UNABLE to stand the levity of the party joyously dancing onto the stage, petulant Richard bursts a balloon and, making a condom joke, flings the flaccid piece of rubber into the audience. It’s as clear a sign of which way this production is going to go as you could hope for. Winter of discontent meets summer season.
And it has to be said that the funny box stays open right the way through what turns out to be a fair old romp. This is a Richard who, between the business of performing a catalogue of ruthless murders, eschews no opportunity to get a laugh.
A stream of audience-inclusive asides and eye-rolling comic takes ensues, with – it has to be acknowledged – Richard not the only character responsible. All are in on the fun in Gregory Doran’s surprisingly light but always engaging production.
Down the years there have been many celebrated portrayals of Shakespeare’s creation of pure malevolence, remorselessly scheming and climbing to the top job on the still-warm bodies of so many victims. None, it has to be said, made the journey to hell with such bonhomie and skittish joy as this performance from Arthur Hughes.
Plots to incriminate the innocent, slaughter inconveniently placed children or force non-consenting women and girls into bed come across as mere ruses. This is no murdering king, this is just the prankster royal.
It’s great fun but what’s lost is the underlying menace and any chance of delving into the question of where the spur, or possibly even the justification, for such vile deeds springs from. It’s all just a very clever, very costly game. As the final battle approaches Richard snappishly even stomps his foot like spoilt child when told a supposed ally has changed allegiance and fled.
As a result it’s left to the women, powerless witnesses to such casual butchery, to provide gravitas and that they certainly do. Kirsty Bushell, Claire Benedict and the excellent Minnie Gale all turn in convincing performances of grief-stricken family members unable to stop the murderous juggernaut. In many productions these scenes seem secondary to the more important high drama elsewhere. Here they provide a welcome counterweight and the majority of the debate.
A strong cast, moody soundtrack and the RSC’s perennial policy of having every entrance performed at a gallop keep the action flowing nicely.
The production under the design of Stephen Crimson Lewis is very sparsely staged. There’s plenty of height at the back that’s not used. Towering over the stage is a vast stone cenotaph that has no clear purpose until the last few scenes of the whole play when it becomes the screen for a sharply-observed comment about the nature of pro-war media propaganda and then as the focal point for a single wreath commemorating the raft of victims direct or indirect from this conflict.
Equally impressive is the choreographing of the doomed Richard’s battle eve dream. Having the ghosts of his victims then form the horse which carries him into battle before disappearing is inspired. It’s a well-timed surprise of which there could perhaps have been more.

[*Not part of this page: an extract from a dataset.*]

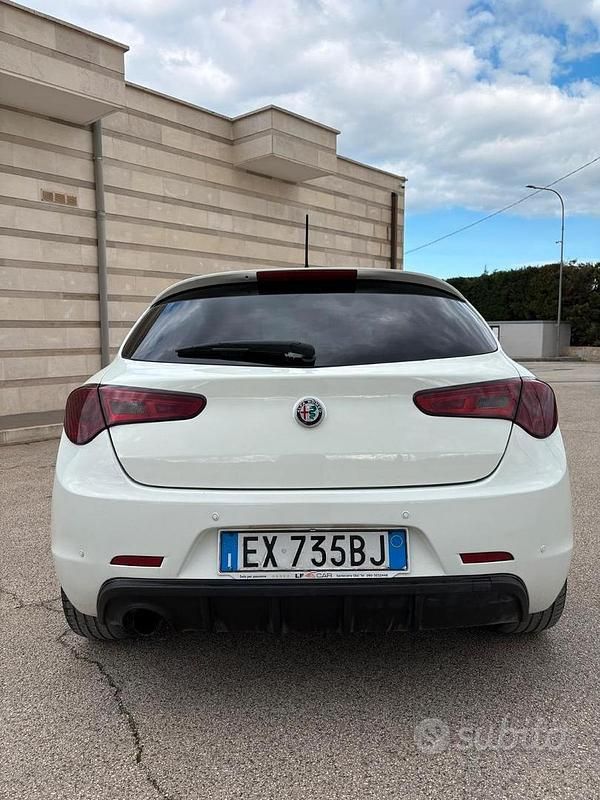 Usata Alfa Romeo Giulietta 2015 Bianco Utilitaria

But the biggest surprise of this production lies in the huge gap between the debate the controversial build-up suggested would happen and the absence of any actual hoo-hah at all. Any possibility that this production would be a profound statement about the merits, indeed necessity, of a disabled actor playing the disabled king simply didn’t materialise.
This was a very creditable, very likeable performance by a fine actor steering things as far away from heavy political points as it’s possible to get.